The City of Oakdale will be saving thousands of dollars each year through new energy efficient street lights and by adding new technology to its water wells.

A total of 184 brand new street lights with induction-style bulbs have been installed, casting a brighter glow on city streets than the old high-pressure sodium bulbs they replaced. The new lights are also significantly more energy efficient, saving the City much needed cash on its utility bills.

The City also has installed variable frequency drive, or VFD, units at three of its water wells, enabling significant savings by controlling energy to the pumps and thus regulating their speed and consumption of power. A VFD allows for smoother operation, acceleration control and different operating speeds for various operations.

“This project will help us, as a City, lower greenhouse gas emissions, lower our electricity bills, and turn back on some of the street lights that have been dark for years now,” said Anthony Smith, Oakdale Administrative Analyst. “In addition, the new variable frequency drives will allow us to lower energy consumption and better respond to changes in demand in the water system.”

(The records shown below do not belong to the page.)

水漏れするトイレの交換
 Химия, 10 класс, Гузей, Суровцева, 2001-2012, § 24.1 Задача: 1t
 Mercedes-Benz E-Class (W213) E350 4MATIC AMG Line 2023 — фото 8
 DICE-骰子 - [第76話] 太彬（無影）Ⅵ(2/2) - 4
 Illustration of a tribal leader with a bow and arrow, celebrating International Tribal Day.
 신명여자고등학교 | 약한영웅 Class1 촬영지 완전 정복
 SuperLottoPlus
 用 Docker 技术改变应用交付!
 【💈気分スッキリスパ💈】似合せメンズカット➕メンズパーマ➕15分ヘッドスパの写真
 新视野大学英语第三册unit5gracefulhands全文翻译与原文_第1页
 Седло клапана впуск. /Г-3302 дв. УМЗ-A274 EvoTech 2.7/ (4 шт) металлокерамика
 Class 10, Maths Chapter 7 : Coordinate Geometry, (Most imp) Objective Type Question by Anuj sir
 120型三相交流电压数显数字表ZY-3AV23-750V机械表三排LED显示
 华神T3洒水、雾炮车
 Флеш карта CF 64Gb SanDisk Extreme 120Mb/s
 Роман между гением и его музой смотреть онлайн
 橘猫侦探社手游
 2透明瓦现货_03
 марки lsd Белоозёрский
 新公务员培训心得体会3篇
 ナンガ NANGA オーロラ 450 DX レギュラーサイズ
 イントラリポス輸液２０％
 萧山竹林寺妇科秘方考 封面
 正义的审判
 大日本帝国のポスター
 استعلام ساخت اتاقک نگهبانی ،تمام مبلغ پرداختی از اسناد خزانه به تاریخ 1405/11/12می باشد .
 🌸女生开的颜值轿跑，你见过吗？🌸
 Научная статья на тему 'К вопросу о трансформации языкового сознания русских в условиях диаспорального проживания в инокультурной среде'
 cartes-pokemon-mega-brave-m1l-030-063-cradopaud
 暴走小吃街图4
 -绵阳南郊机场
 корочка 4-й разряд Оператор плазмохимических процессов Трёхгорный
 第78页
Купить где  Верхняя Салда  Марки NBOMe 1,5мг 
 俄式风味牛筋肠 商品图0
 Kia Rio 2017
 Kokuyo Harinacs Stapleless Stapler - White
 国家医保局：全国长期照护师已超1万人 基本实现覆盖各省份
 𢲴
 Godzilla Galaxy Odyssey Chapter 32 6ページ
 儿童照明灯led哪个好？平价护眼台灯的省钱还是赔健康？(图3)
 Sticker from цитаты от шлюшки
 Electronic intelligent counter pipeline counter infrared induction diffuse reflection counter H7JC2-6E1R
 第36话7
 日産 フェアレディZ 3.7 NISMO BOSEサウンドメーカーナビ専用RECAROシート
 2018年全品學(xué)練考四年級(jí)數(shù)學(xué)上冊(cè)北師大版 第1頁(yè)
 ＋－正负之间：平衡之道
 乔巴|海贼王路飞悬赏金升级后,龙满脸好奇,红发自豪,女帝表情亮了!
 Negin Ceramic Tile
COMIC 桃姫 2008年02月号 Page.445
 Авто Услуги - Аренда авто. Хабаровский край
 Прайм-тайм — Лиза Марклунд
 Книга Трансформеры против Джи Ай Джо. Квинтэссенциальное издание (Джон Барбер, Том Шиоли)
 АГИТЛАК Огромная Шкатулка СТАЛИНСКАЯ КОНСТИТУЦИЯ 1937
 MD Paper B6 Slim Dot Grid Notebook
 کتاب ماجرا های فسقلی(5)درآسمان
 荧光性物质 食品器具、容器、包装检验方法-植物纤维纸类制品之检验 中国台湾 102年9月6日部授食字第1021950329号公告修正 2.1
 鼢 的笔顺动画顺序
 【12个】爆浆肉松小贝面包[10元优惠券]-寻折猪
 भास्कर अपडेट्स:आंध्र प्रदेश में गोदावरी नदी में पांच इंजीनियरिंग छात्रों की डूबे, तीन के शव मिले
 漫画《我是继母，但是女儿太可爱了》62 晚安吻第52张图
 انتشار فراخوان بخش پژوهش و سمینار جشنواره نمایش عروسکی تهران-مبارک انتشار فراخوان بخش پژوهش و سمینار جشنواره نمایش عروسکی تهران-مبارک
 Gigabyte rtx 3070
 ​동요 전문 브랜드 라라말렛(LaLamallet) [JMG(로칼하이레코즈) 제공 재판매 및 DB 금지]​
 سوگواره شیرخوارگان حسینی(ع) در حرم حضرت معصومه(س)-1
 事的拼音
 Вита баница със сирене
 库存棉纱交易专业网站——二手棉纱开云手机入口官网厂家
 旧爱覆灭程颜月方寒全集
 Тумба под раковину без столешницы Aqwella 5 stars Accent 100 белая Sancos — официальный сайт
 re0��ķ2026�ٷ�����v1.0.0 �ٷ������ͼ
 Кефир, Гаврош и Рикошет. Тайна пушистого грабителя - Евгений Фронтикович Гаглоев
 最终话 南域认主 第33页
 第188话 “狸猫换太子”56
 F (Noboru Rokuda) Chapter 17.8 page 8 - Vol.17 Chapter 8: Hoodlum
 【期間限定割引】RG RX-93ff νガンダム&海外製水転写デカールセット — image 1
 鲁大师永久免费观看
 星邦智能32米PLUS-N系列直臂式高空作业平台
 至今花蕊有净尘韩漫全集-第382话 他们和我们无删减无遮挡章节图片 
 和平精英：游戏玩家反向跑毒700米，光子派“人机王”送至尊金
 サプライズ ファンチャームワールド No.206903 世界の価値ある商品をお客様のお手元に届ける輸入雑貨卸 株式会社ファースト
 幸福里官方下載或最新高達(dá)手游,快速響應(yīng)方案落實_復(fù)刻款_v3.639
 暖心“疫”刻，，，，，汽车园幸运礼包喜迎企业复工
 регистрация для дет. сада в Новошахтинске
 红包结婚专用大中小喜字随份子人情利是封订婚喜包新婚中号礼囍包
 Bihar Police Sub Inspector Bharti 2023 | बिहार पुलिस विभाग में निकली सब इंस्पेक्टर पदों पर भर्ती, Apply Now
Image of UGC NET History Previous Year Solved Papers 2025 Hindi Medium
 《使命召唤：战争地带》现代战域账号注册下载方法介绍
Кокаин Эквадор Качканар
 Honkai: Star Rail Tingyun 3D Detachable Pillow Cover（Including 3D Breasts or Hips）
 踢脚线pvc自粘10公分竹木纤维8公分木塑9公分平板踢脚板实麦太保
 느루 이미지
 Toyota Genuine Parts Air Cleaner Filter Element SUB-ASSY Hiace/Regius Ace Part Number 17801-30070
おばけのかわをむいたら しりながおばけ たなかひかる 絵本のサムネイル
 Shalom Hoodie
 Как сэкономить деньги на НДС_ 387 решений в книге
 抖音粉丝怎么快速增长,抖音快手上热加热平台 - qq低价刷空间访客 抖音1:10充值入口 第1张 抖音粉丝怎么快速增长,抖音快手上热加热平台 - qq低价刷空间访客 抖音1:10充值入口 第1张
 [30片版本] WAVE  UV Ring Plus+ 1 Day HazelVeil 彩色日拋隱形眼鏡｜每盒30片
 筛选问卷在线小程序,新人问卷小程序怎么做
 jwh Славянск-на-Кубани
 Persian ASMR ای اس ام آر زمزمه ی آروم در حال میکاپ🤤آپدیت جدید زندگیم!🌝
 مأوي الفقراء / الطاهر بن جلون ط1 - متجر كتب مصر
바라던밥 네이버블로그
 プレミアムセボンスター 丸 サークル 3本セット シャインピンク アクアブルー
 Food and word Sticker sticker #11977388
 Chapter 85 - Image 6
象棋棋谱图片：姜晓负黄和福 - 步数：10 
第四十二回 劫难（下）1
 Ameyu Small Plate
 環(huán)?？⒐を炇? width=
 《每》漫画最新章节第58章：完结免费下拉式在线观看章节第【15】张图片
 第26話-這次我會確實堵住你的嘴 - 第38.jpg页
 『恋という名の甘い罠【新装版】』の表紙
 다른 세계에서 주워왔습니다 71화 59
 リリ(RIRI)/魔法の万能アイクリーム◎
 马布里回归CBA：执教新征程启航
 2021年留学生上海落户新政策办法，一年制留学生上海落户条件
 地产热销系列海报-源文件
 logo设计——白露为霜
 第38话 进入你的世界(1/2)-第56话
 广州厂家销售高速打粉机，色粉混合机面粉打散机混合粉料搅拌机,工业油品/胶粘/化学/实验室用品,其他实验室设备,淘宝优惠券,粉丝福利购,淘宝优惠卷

What this means to the average taxpayer is significant savings to City coffers through lower utility bills. The energy efficiency retrofits when complete will save the City about 204,159 kilowatt hours of energy per year. This roughly equates to a savings of about $25,000 a year and a greenhouse gas reduction about the same as taking 29 cars off the road.

And that’s a big deal in these troubled economic times.

The money that makes the majority of the project possible comes from an Energy Efficiency and Conservation Block Grant provided through the American Recovery and Reinvestment Act of 2009. The program is administered through the U.S. Department of Energy and the California Energy Commission.

Oakdale joined with 35 other cities and counties in the region to form the San Joaquin Valley Clean Energy Partnership, which is led by the San Joaquin Valley Unified Air Pollution Control District with the assistance of the nonprofit San Joaquin Valley Clean Energy Organization. The Partnership administers the more than $4 million in grants and provides technical assistance to local governments.